At one time, the middle school grades might have been referred to as “junior high.” Today’s middle schools aren’t trying to mirror the high school model, but instead aim to address the unique needs of students in grades five through eight, said Lindsay Dube, dean of students for grades five and six at Dover Middle School.
“A middle school model focuses on the whole child and teaming. Every kid is part of a team that has the same four teachers. Those teachers are expected to be working together and providing a common educational experience for their students,” she said.
Kim Parsons, an English language arts teacher at Gilbert Hood Middle School in Derry with 18 years of teaching experience, said her middle school divides groups of students into specific areas of the building where they all take classes with the same group of students and teachers.

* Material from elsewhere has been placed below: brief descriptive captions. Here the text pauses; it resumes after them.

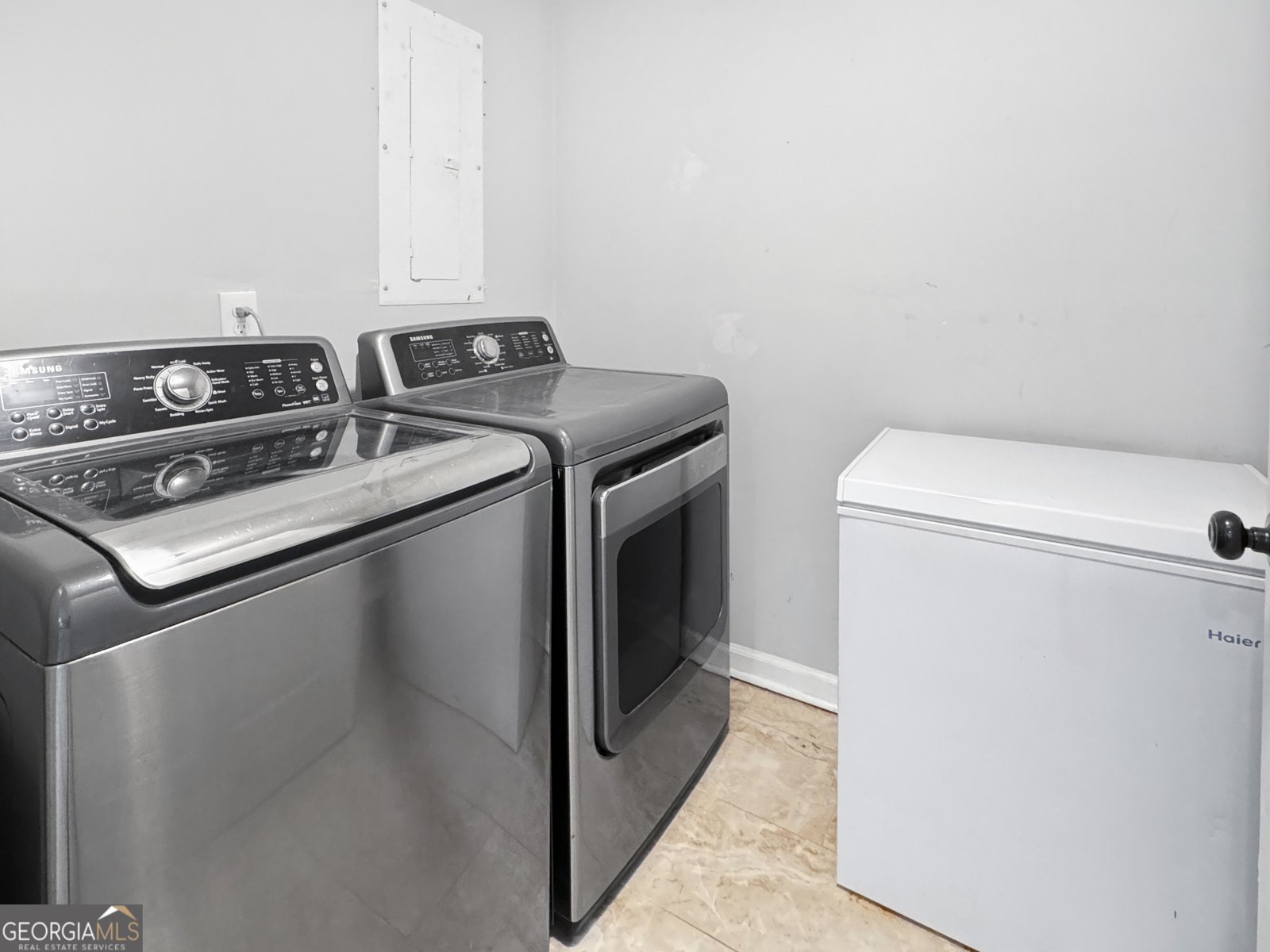 972 Earl North Road Newnan - 8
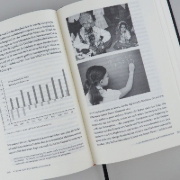 Buchcover und Innenansicht für das Buch: Behave: The Biology of Humans at Our Best and Worst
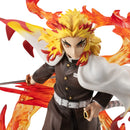 Demon Slayer MEGAHOUSE G.E.M. RENGOKU KYOUJUROU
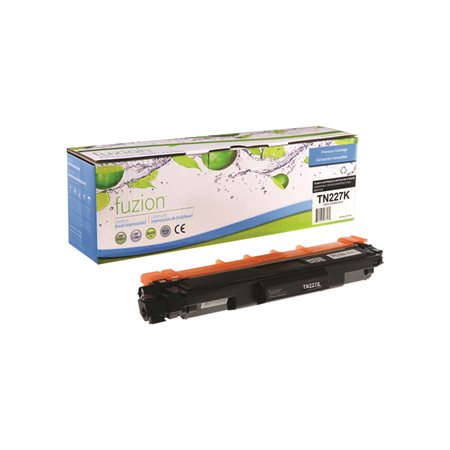 Compatible Toner Cartridge (Alternative to Brother TN227)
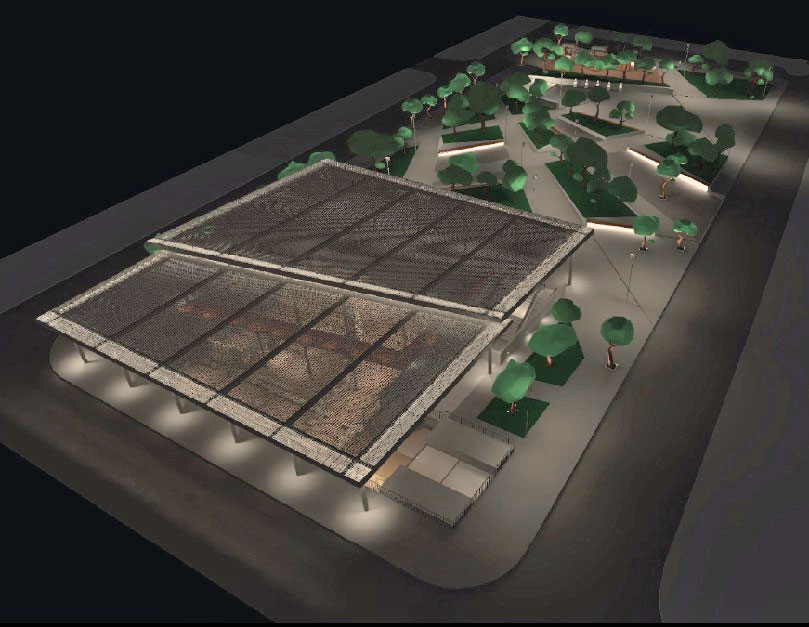 Ολοκληρώθηκαν οι μελέτες για τους σταθμούς «Αγία Σοφία» και «Βενιζέλου»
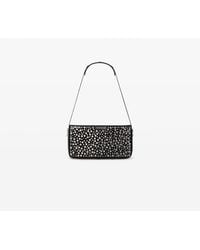 Alexander Wang - Siren Crystal Mini Bag - Lyst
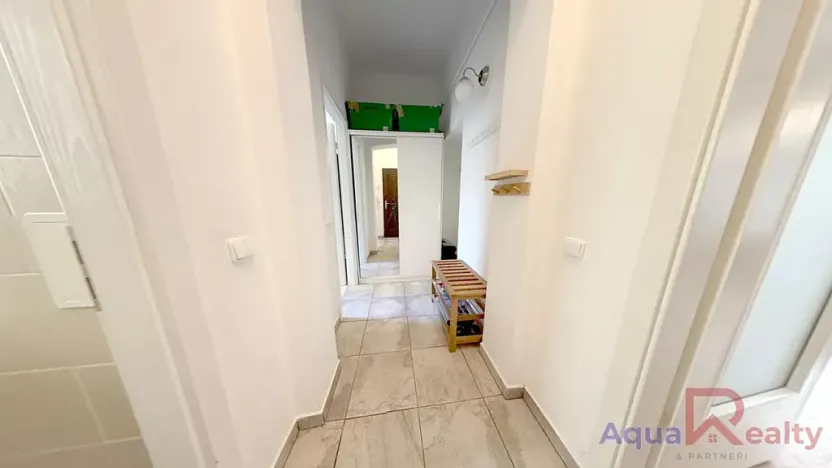 Pronájem bytu 3+kk, Karlovy Vary, 82 m2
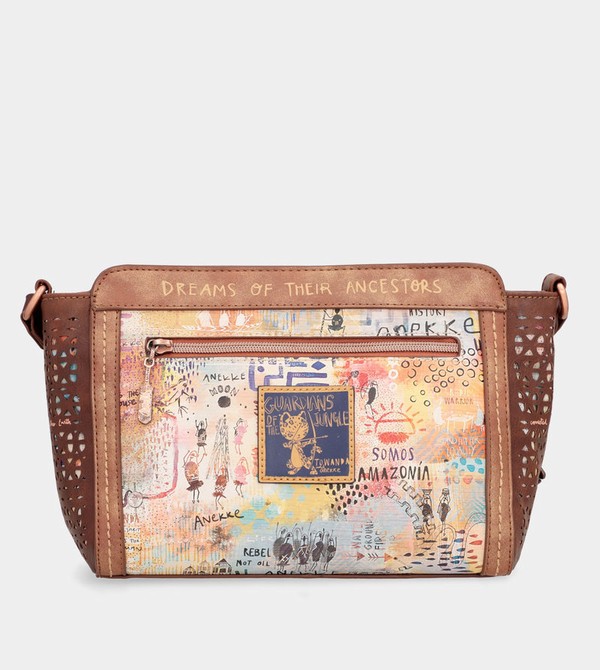 Bolsas Hombro Anekke Menire Medium | 653TOJUKL
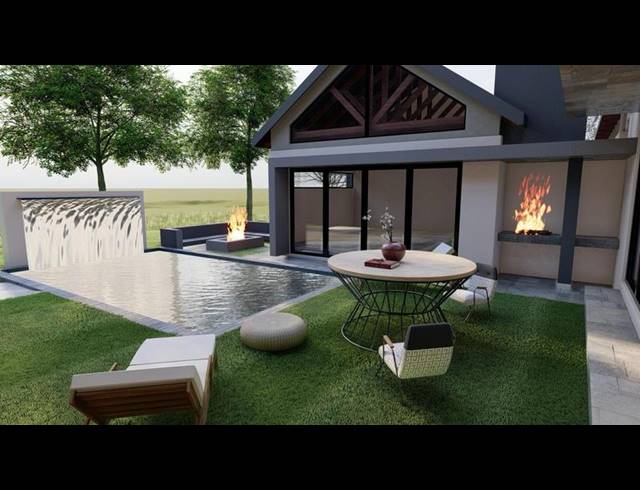 5 BEDROOM HOUSE FOR SALE IN MIDSTREAM RIDGE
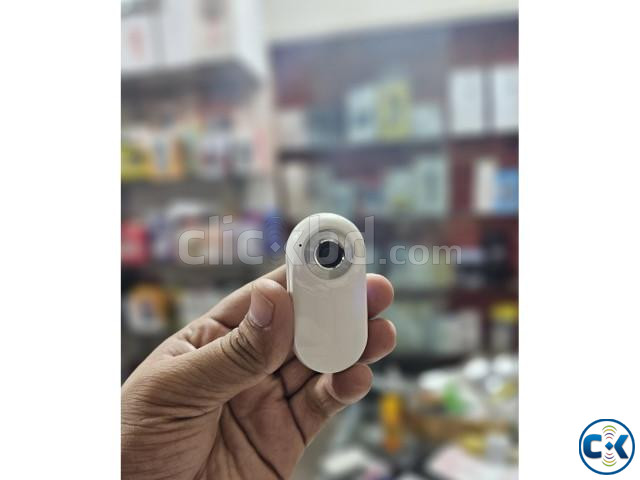 A100 Mini Action Camera 1080P Wide Angle Night vision large image 0
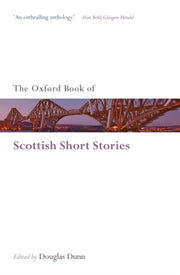 Oxford Book Of Scottish Short Stories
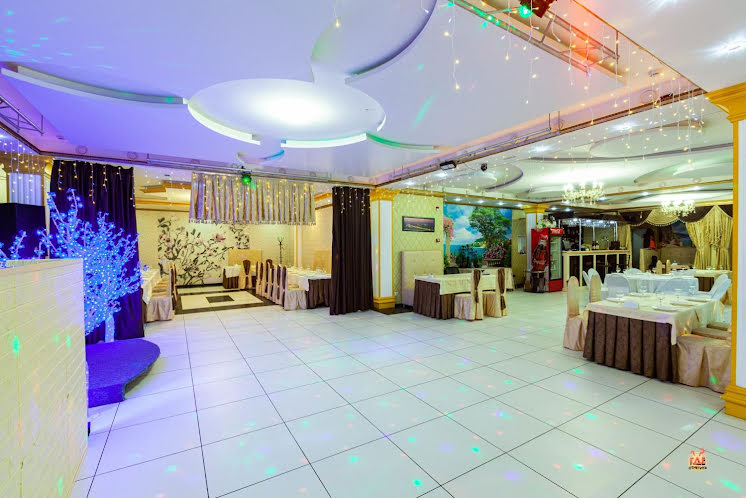 Основной зал в «Огни города» фотография №17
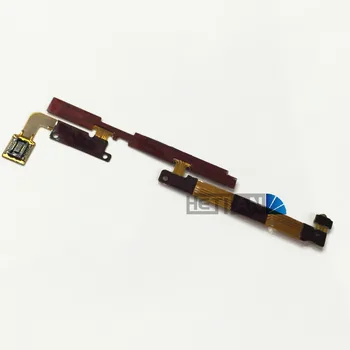 

10PCS Power Volume Button Flex Cable For Samsung Galaxy Tab 7.0 Plus P6200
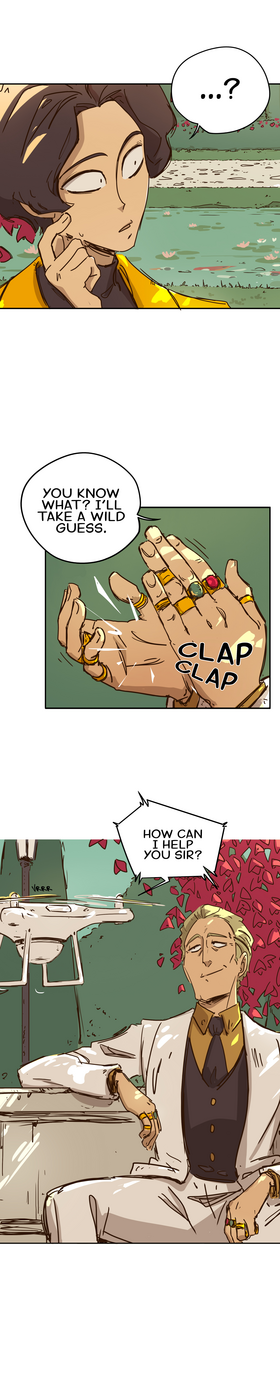 Read Dolls  2 Page 4 in English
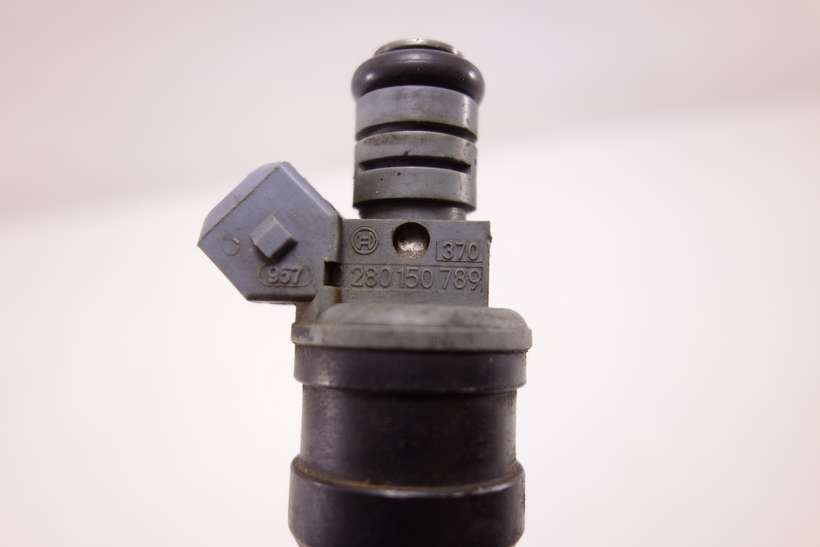Inyector de combustible Peugeot 0280150789 0 280 150 789 - foto 2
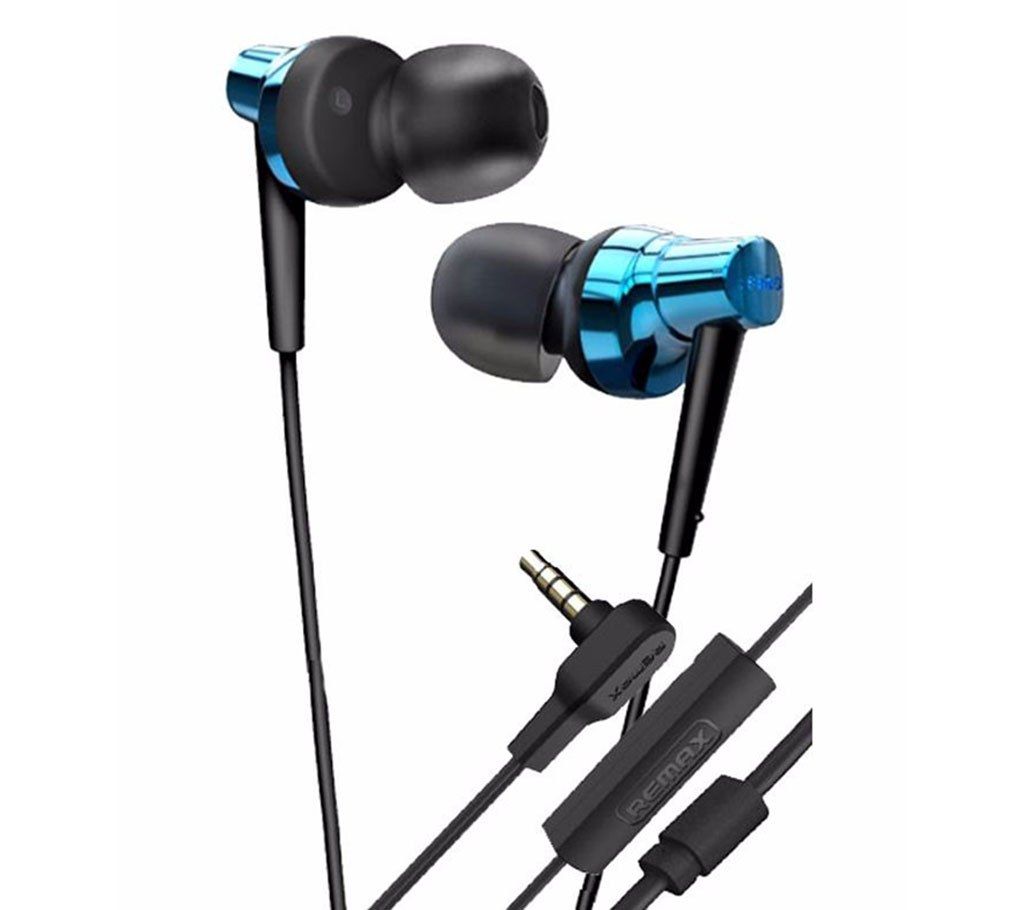 REMAX RM-575 Earphone
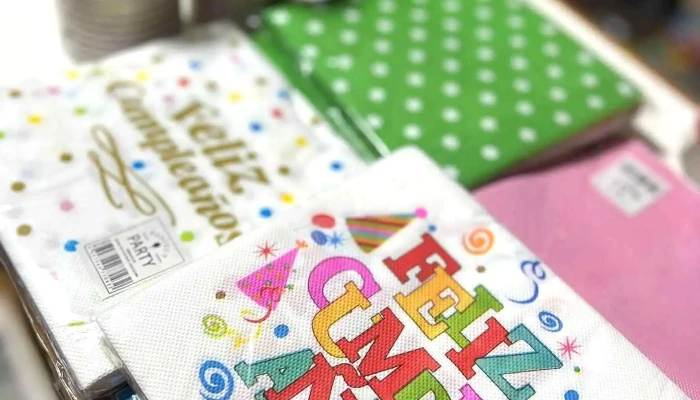 Dany Papeleria Y Bazar Del Propietario - Tranqueras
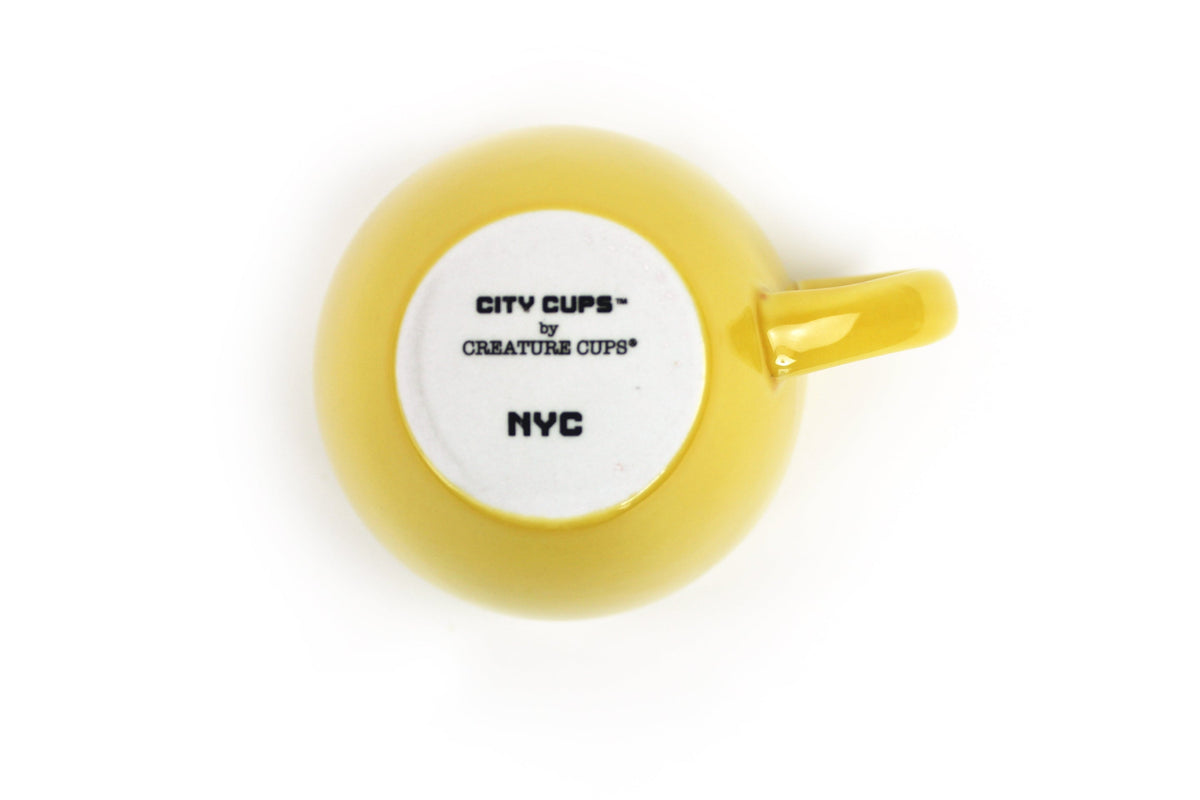 3D Creature Cups Mug – 325 ml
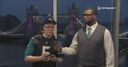 NFL history made in London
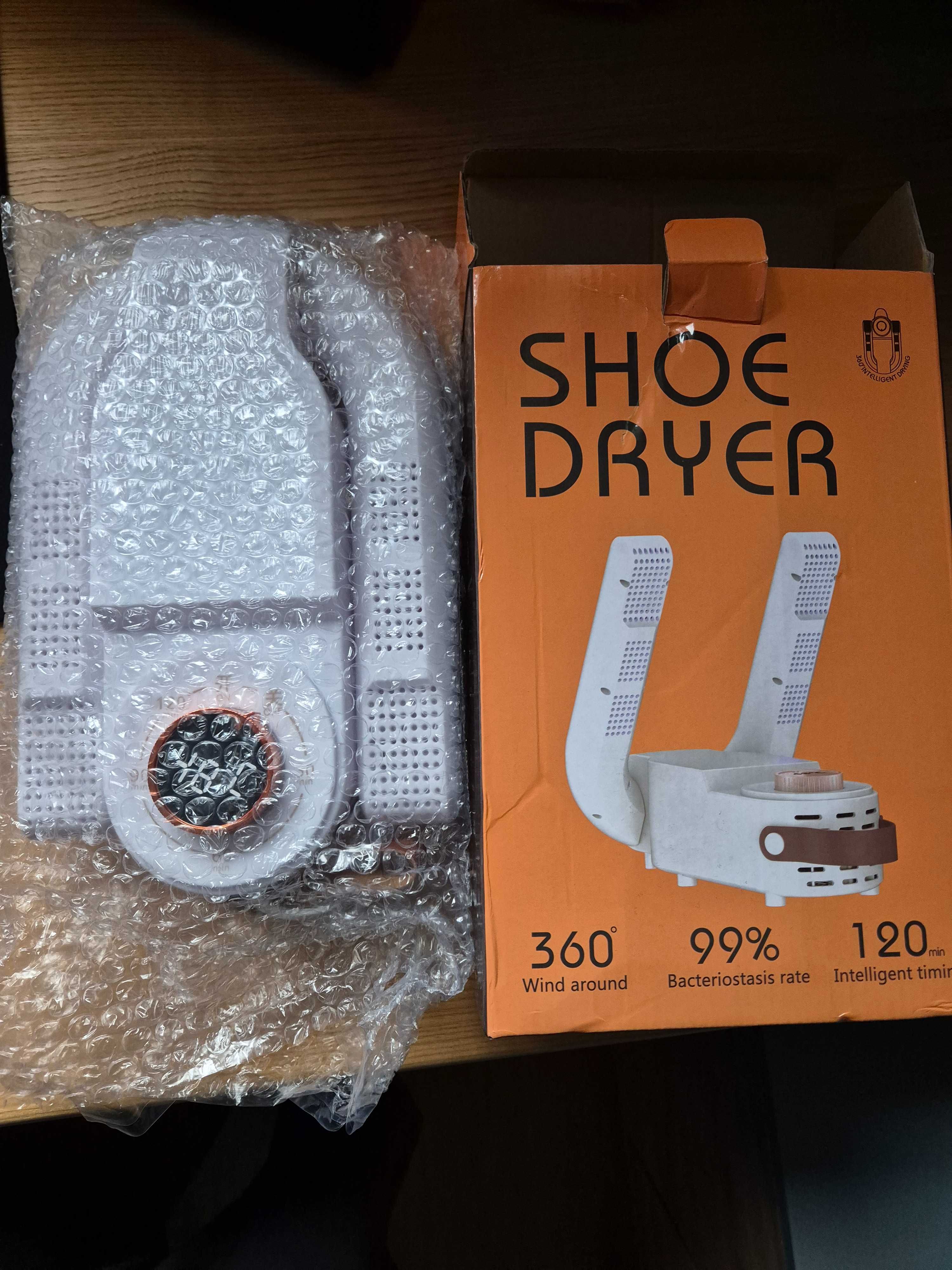 Електрична сушарка для взуття Shoe Dryer 2Y-688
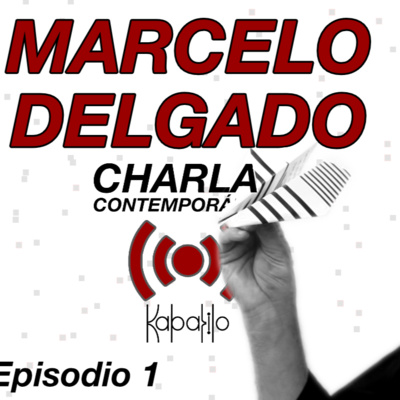 1 - MARCELO DELGADO - Interrelación de las artes y la composición + Compañía Oblicua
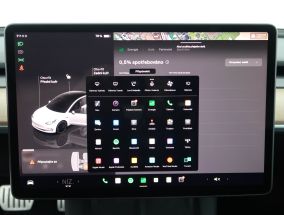 Tesla Model 3 - 2022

“You have one set of teachers that you deal with and they are more familiar with you and build better relationships with you. We meet up to three times a week and talk about the kids,” she said.
Adam Houghton, principal of Rochester Middle School, said that the team model at his school has been in place since it opened in 1992. With six elementary schools feeding into RMS, the team model takes a larger school environment and shrinks it a more manageable one. Instead of being one kid in a school of 950 students, you are a student on a team of 80 kids, he said.
“We are also developing a ‘house’ program where we put kids on a team for all three years they are here. Three teams fall under one house, and when you join that house, you know this is who will be my math teacher in sixth, seventh, and eighth grade,’ he said.
“Conversely, it allows an eighth- grade teacher to look at incoming sixth-graders and understand who they are socially and emotionally, as well as academically.”
The biggest change for most middle school students is switching classes for different subjects and building relationships with a few different teachers instead of just one, Dube said.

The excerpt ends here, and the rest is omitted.